Monday, November 2, 2009

The Bee-Keeper



Every morning I see him.

A tall man, he walks with a stoop. He seems to be afraid of having his head in the clouds. A long grey raincoat hangs loosely on his bony frame and he carries a small, black and white rucksack on his back. The heavy, black shoes are the same ones he used to wear when he was a security guard. He is retired now due to ill-health.

He has been living in the area for going on 30 years. His elderly parents moved back to their roots and he came with them. Even though his roots were elsewhere. He dutifully minded them until they died. Never marrying. He knows everybody in the neighbourhood. He knows everything about everybody in the neighbourhood.

Being a religious man, his first port of call, after his breakfast, is the church. There he meets with other retired, like-minded souls. He can be seen, chatting in an animated manner, or quietly leaning closer to catch some whispered confidence. He continues from his prayers into town. His needs are few so the little rucksack is more than adequate to carry his messages.
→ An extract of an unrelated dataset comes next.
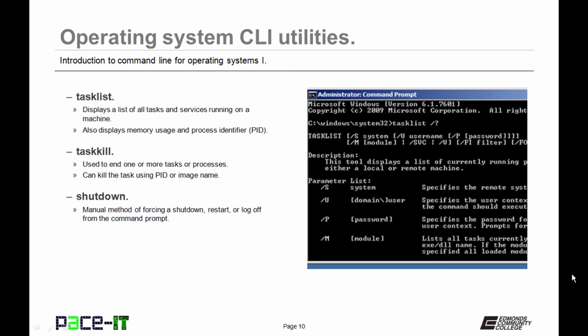Now you should run task list before you run task kill. This is used to end one or more tasks or processes. And it can kill the task using the PID or the image name.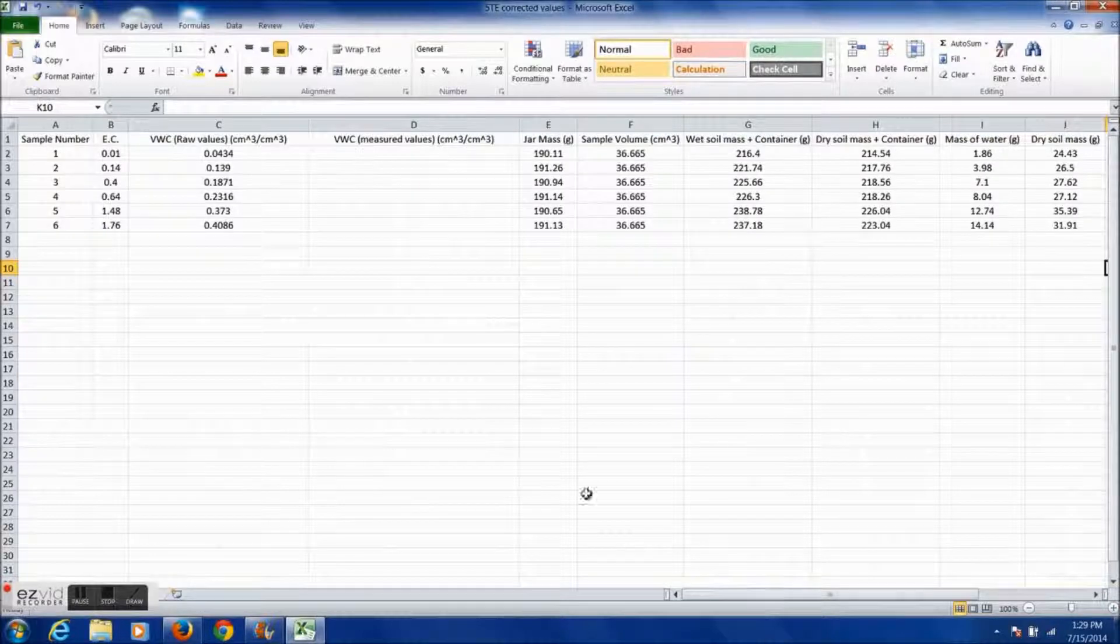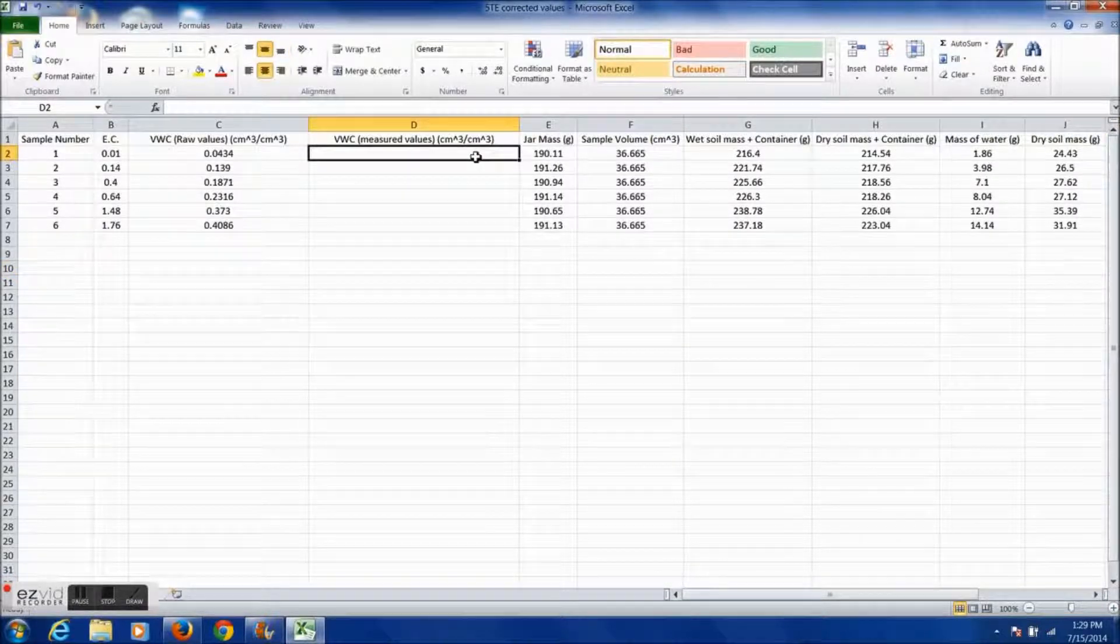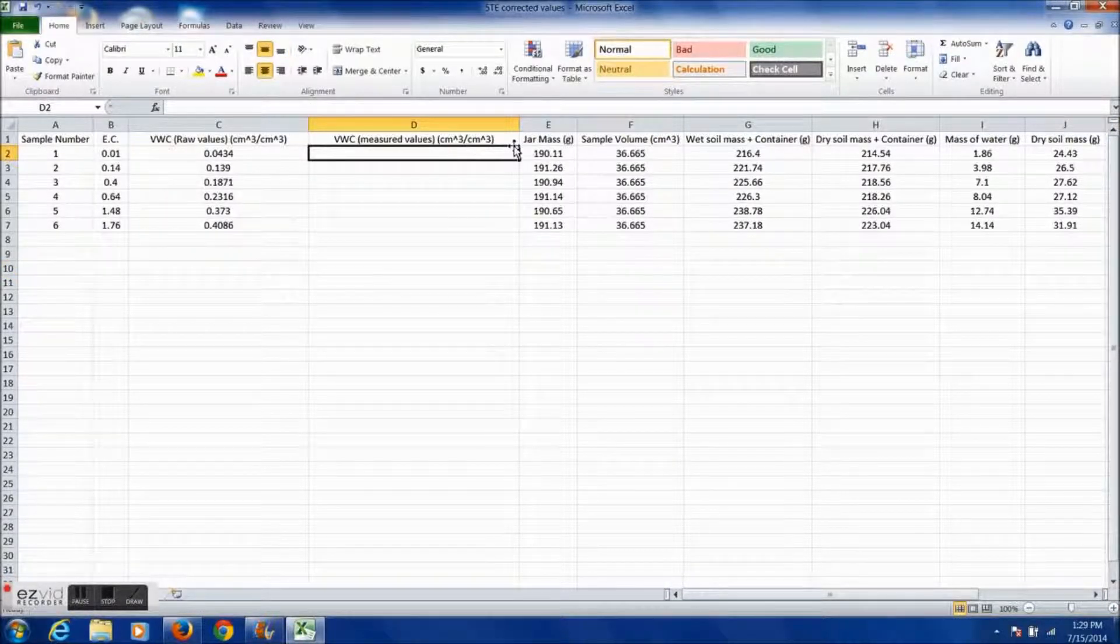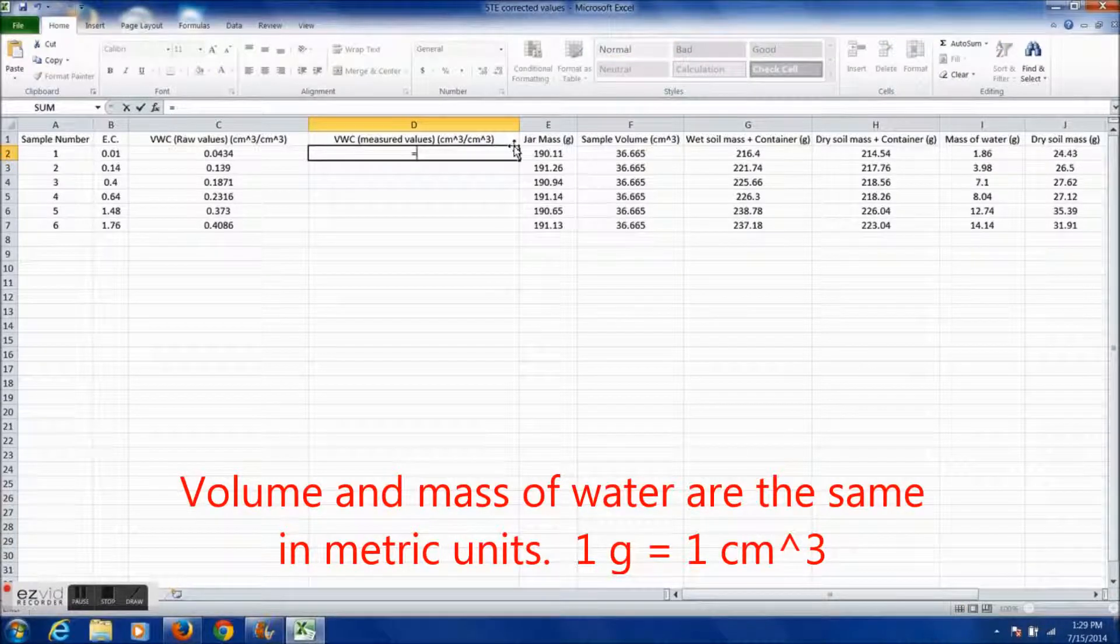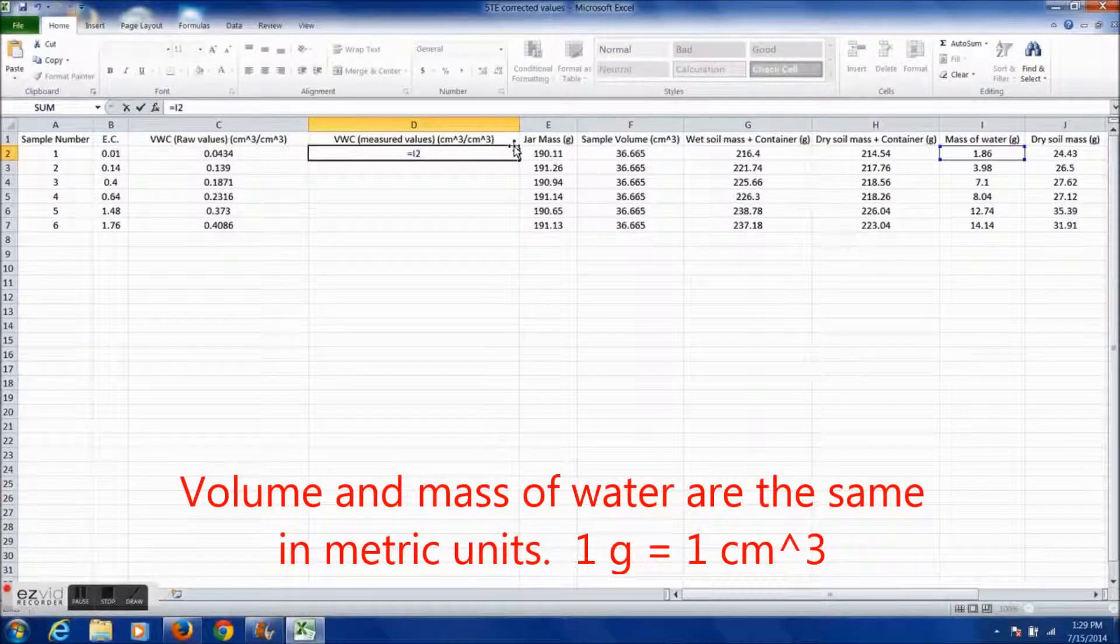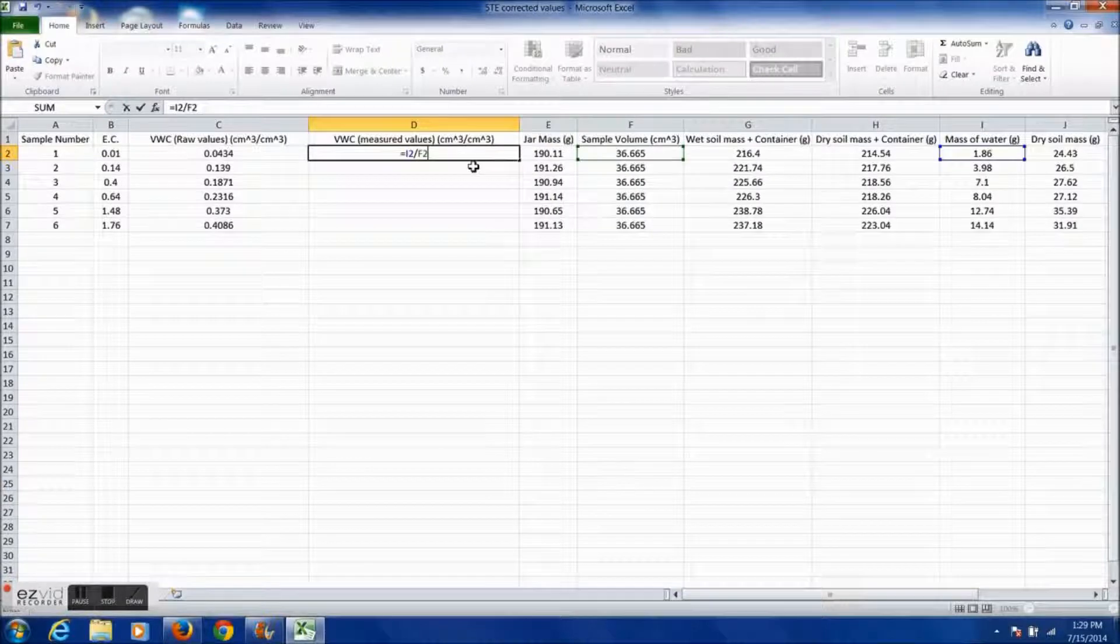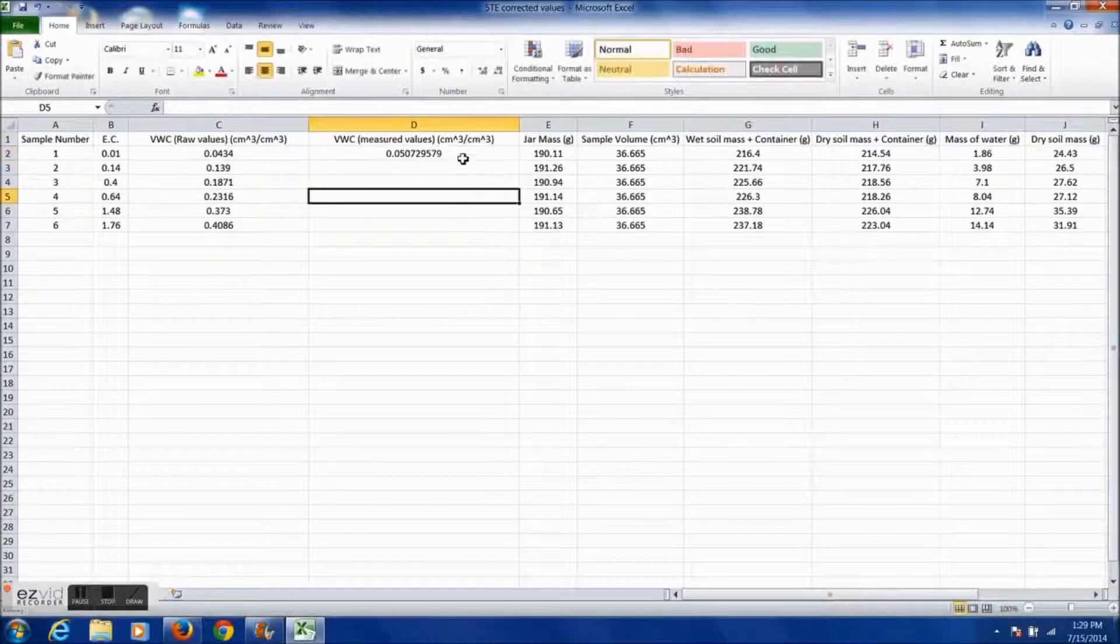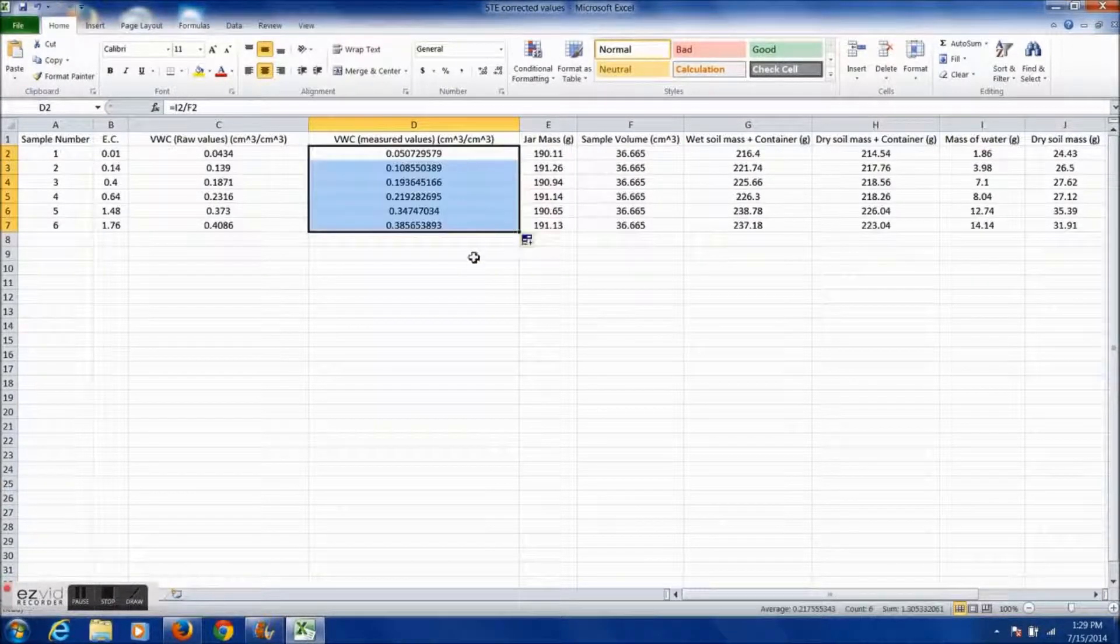And finally, to find the calibrated volumetric water content, divide the mass of water by the sample volume, which is equivalent to dividing the volume of water by the volume of soil since the density of water at 20 degrees Celsius is 1 gram per cubic centimeter.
He usually wanders home just after 11.30am. He is a creature of habit.

He likes chocolate and bananas. The neighbourhood children used to call regularly to his door knowing that they would come away laden with goodies. That all stopped when a well-meaning woman warned him that "People would talk ... they wouldn't understand". He still gives out chocolate and bananas. Carefully.

He knows everything. The best way to recycle waste, the nutritional value of bananas, the intricacies of heart surgery, the benefits of thyroid tablets in the event of a nuclear disaster and the life cycles of honey bees. He loves bees. In his back garden there are about 20 beehives. He doesn't care much for gardening so the bees get to live, joyously, in the wild. He bestows jars of precious honey on the select few of his neighbours who have been behaving themselves. These gifts are, inevitably, accompanied by a diatribe on the benefits of clean living and how much man can learn from watching bees. Every year, he tootles off for a week of bee talk with other bee enthusiasts. The other week of his annual holidays is spent in Lourdes. He usually returns from Lourdes laden down with gallons of Holy Water which, like the bees, has amazing curative powers.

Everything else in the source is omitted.